Another possible use of the method of the invention is in the monitoring the response of a recipient after transplantation by selection and quantification of peptides of the donor in a sample taken from the body of the recipient. Identification of increasing quantities of donor peptides in the sample (e.g. of blood or blood plasma or blood serum or tears or urine or saliva or stool or breath condensate or lavages or effusions or liquors, etc.) of the recipient is a sign of rejection or a risk of rejection of the transplanted organ.
Analysis of polymorphisms in the proteins is performed both on donor and recipient separately. Once these polymorphisms are associated with donors and recipients, identification of polymorphic peptides is uniquely linked to donor and recipient as well. Non-exclusive polymorphisms are not considered.
The quantification can be done using any label-free quantification method, for example by integration of area under curve in LC/MS spectra. For precise quantification, targeted quantitative methods such as SRM/MRM can be used. Once polymorphisms are established and transitions of polymorphic peptides available, their monitoring in individuals can be readily performed.
Furthermore, calculation of pair-wise variant-based agreement between individuals is performed. The method is schematically shown in
The agreement may be based plainly on number of matching variants identified using particular methods ma,mb, for example, as follows:
Φ(sa,sb)=|ma(sa)∩mb(sb)| (42)
Alternatively, the agreement may be in probabilistic terms. For the purpose, Γ is a function from sample to its true origin, wherein the origin e is a subset of all variants (neglecting the possibility that two distinct origins have the same variants). The probability of two samples having the same origin, given the observed agreement, is:
P(Γa(sa)=Γb(sb|Φ(sa,sb)=x). (43)
Yet alternatively, the probability of at least as extreme match as x at random may be used:
P(Φ(sa,sb)≥x). (44)
Method m of identification of variants applied to a sample may identify exactly the variants in origin, and the origin is the same if and only if the identified variants are equal in both samples, however such situation is less likely in practice.

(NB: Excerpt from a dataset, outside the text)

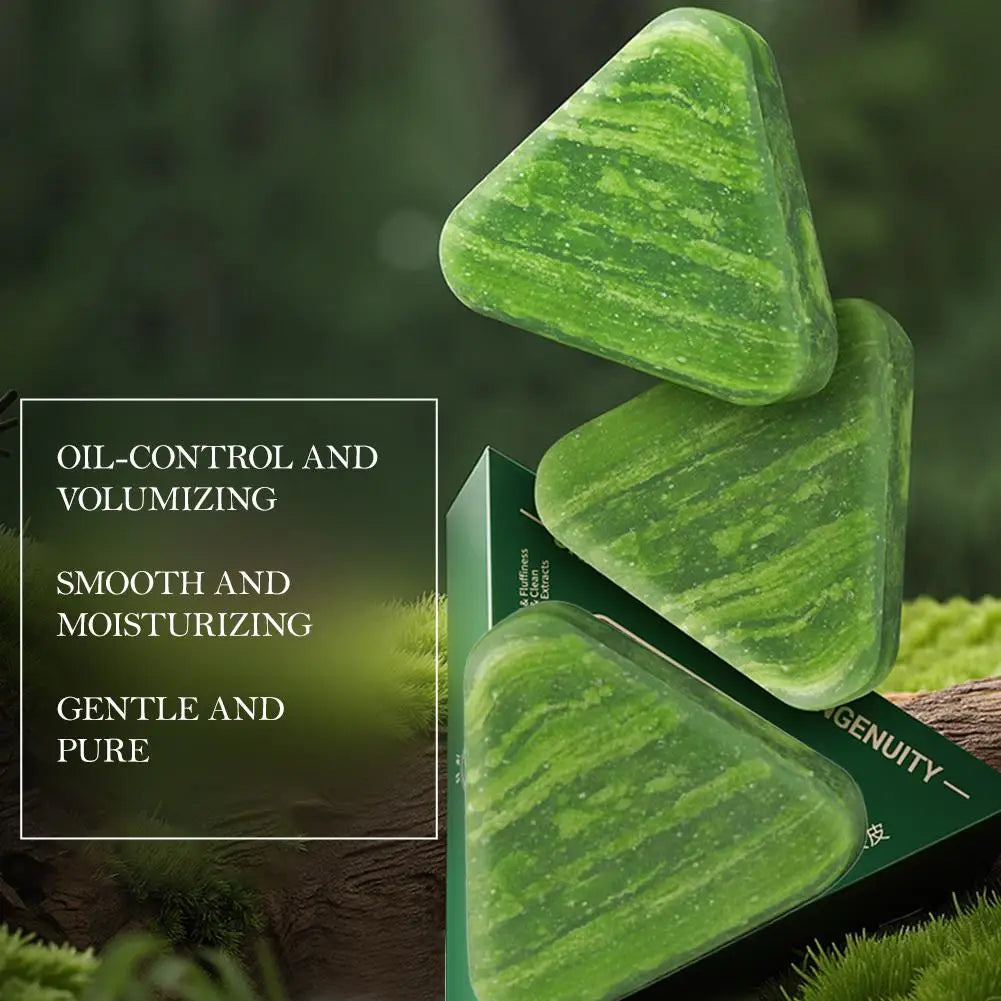 Herbal Shampoo Bar - Cypress & Polygonatum Oil Control Treatment (120g)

In some embodiments, the method m applied to the sample identifies a proportion r of variants in the sample. The proportion might be unknown in advance (or it might depend on the concentration of the sample, etc.), but the fact that samples are drawn from a known population may be utilized for its derivation. In such case, the expected number of variants in the sample with known population frequencies is
Σϕ(v)=n. (45)
The probability of both the presence of variant v and its identification using method m is designated as Pm+(v).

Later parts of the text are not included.